[[ Information shown, beginning ]]
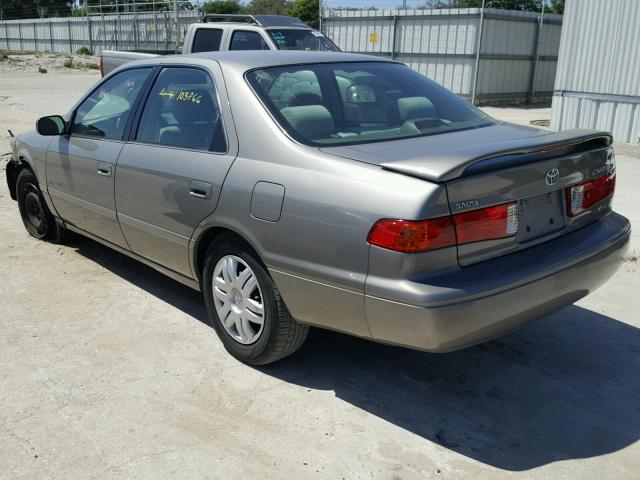 4T1BG22K31U031196 - 2001 TOYOTA CAMRY CE TAN photo 3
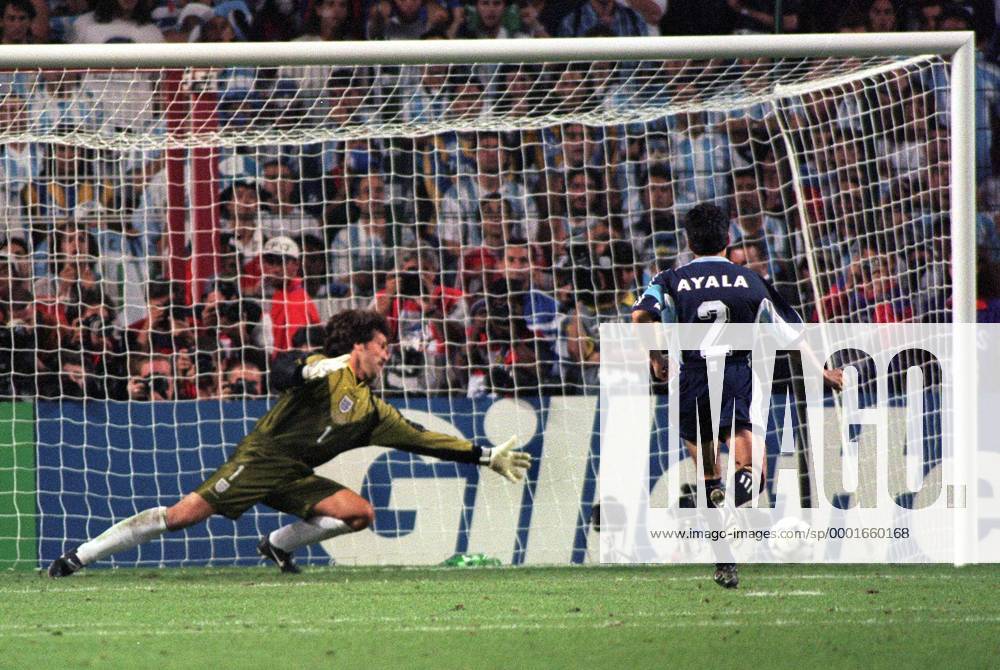 Roberto Ayala (Argentinien) trifft im Elfmeterschießen mit dem fünften Strafstoß seines Teams zum 4:3, Torwart David Seaman (England) ist machtlos - Fußball WM Herren Weltmeisterschaft 1998, Nationalmannschaft, Nationalteam, Nationaltrikot, Länderspiel, Achtelfinale Totale St. Etienne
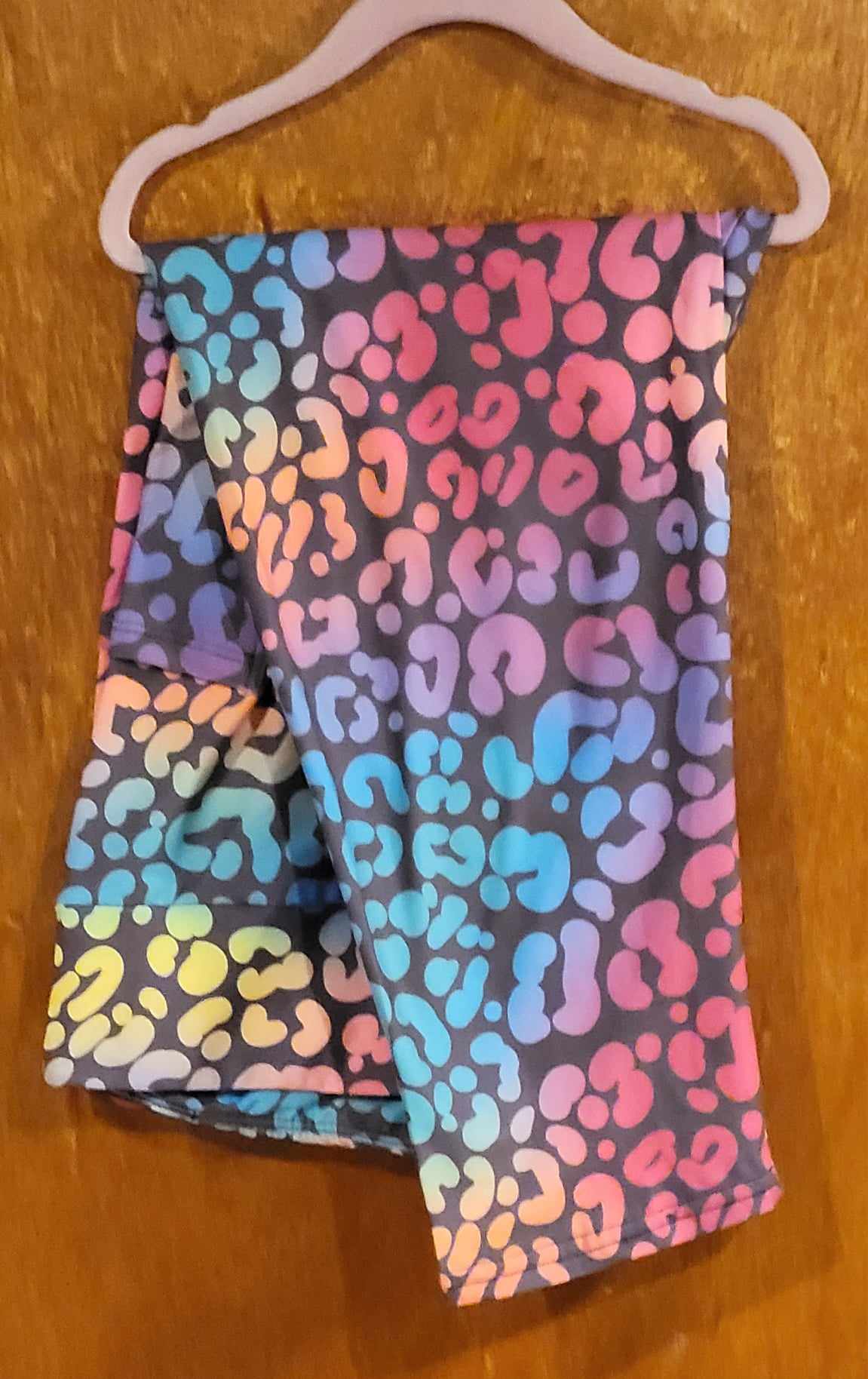 Rainbow Cheetah Capri Leggings with Pockets (SLB)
[[ Information shown, end ]]
Output the material word for word, omitting its pictures.

## Response below
 4T1BG22K31U031196 - 2001 TOYOTA CAMRY CE TAN photo 3
 Roberto Ayala (Argentinien) trifft im Elfmeterschießen mit dem fünften Strafstoß seines Teams zum 4:3, Torwart David Seaman (England) ist machtlos - Fußball WM Herren Weltmeisterschaft 1998, Nationalmannschaft, Nationalteam, Nationaltrikot, Länderspiel, Achtelfinale Totale St. Etienne
 Rainbow Cheetah Capri Leggings with Pockets (SLB)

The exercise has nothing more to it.